Gabrielle Trépanier-Jobin

Gabrielle Trépanier-Jobin is a professor in Game Studies at the School of Media of Université du Québec à Montréal and the Co-Director of the research group Homo Ludens. Her PhD thesis explores the possibility of using parodies as playful means to denaturalize gender stereotypes. During her postdoctoral fellowship at MIT, she pursued her work on gender parody in the field of game studies. She is currently conducting research on players’ immersion, on equality, diversity and inclusion in the video game industry, as well as on the potential of video and board games to raise awareness about social and environmental issues.
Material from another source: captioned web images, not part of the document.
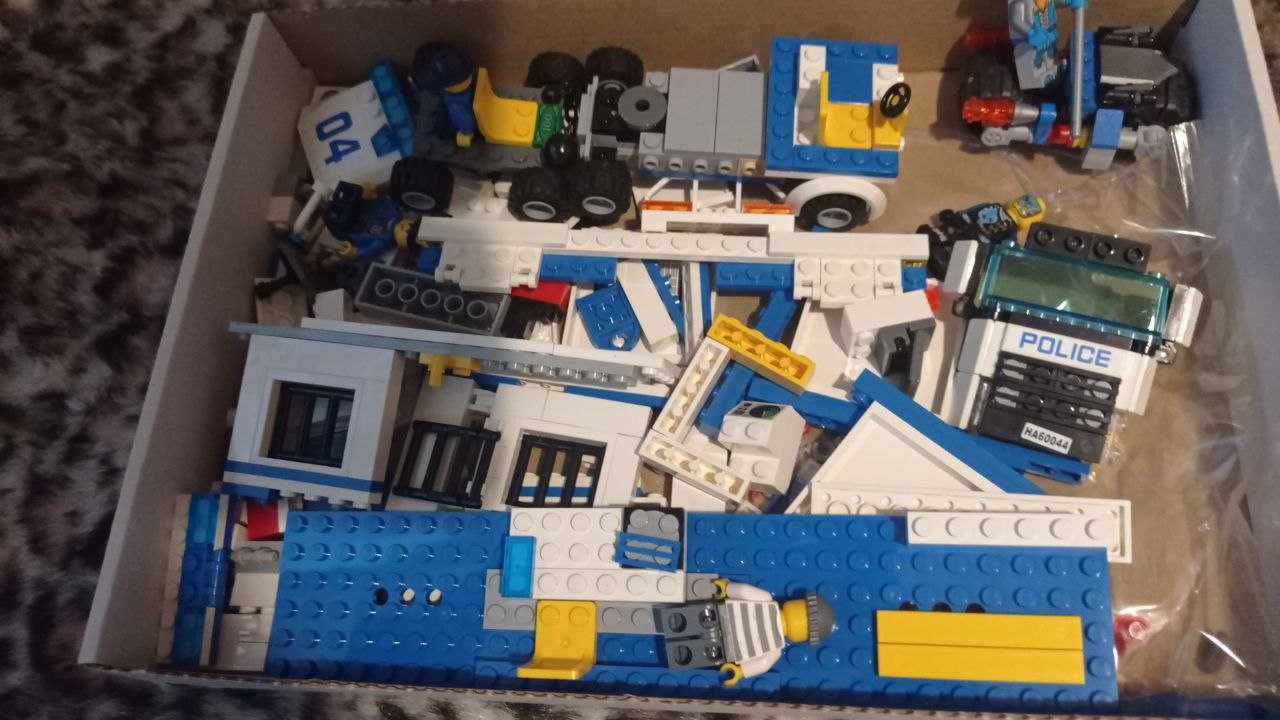 Lego city 60044 Городской мобильный полицейский отряд, фура.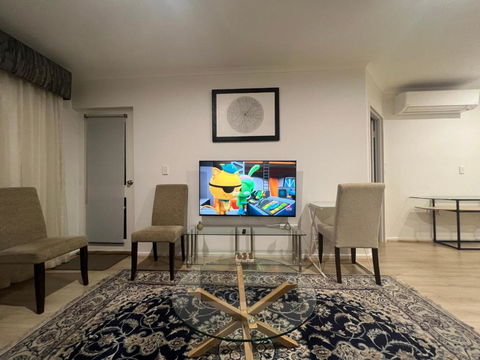 ADELAIDE CBD APARTMENT - 3BR, 2BATH & CARPARK - Hotel NSW 2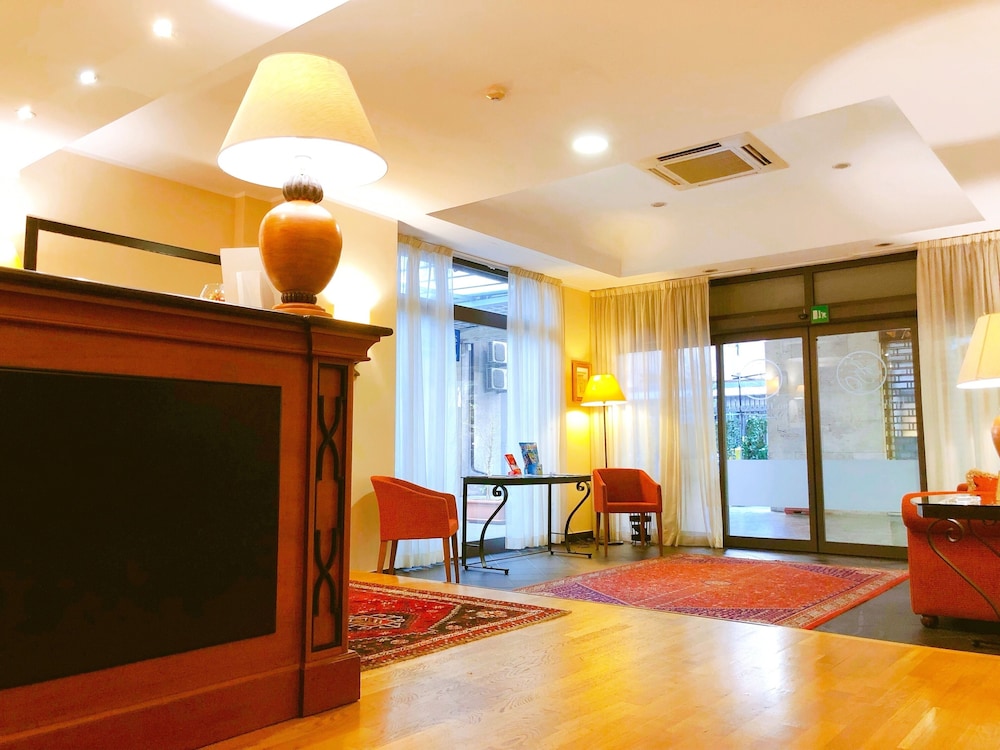 Florio Opera Hotel 50/65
Hierarchy, Discrimination and Inequality in the Video Game Industry

FROG 2022 – Keynote

Despite the culture of informality that prevails in the video game industry, its structures remain highly hierarchical. Not all employees can evenly express their opinions, are equally heard, are granted the same creative freedom or are given the same opportunities. This talk will present the results of a survey on equality, diversity and inclusion, conducted among 1700 employees from the Quebec gaming industry, and of 20 semi-structured interviews made with women and racialized minorities who encountered problems in development teams. These results show that even though women, non-cisgender people, sexual and ethnic minorities, as well as people with mental or physical disabilities are generally satisfied by their working conditions in the video game industry, they face more obstacles and experience more problems than white heterosexual men. These obstacles and problems are even more pronounced for women and non-cisgender people. These results will be interpreted in light of concepts such as the glass ceiling, the glass slipper, the impostor syndrome, the stereotype threat, the signaling threat, as well as the ordinary/hostile/benevolent sexism to highlight the power relations at work in the video game industry.